/---

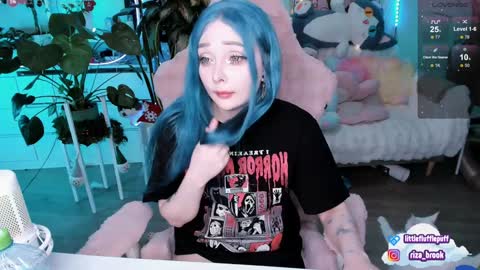 Snapshot of littleflufflepuff chatting on December 7, 12:30 am Riza Riri Puff online show from December 7, 12:30 am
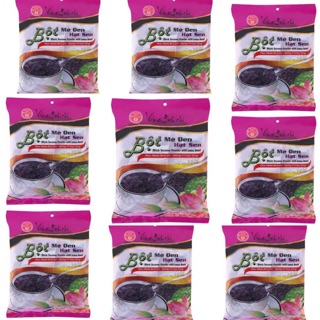 [DATE MỚI] COMBO 10 BỊCH BỘT MÈ ĐEN + HẠT SEN BÍCH CHI CHÍNH HÃNG 350G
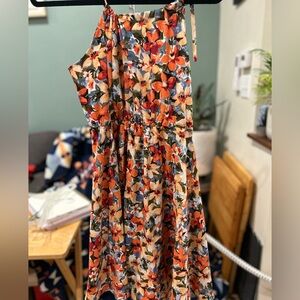 Floral Sleeveless Dress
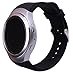 Produktbild SUNDAREE Kompatibel mit Gear S2 Sport Armband,Silikon Schwarz Ersatzarmbänder Uhrband Uhrenarm Band Wrist Strap inkl. Adapter Silikonband für Samsung Gear S2 Sport SM-R730/SM-R720(Black Silikon)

\---

Would you give the data above again word for word, minus the pictures?

 Snapshot of littleflufflepuff chatting on December 7, 12:30 am Riza Riri Puff online show from December 7, 12:30 am
 [DATE MỚI] COMBO 10 BỊCH BỘT MÈ ĐEN + HẠT SEN BÍCH CHI CHÍNH HÃNG 350G
 Floral Sleeveless Dress
 Produktbild SUNDAREE Kompatibel mit Gear S2 Sport Armband,Silikon Schwarz Ersatzarmbänder Uhrband Uhrenarm Band Wrist Strap inkl. Adapter Silikonband für Samsung Gear S2 Sport SM-R730/SM-R720(Black Silikon)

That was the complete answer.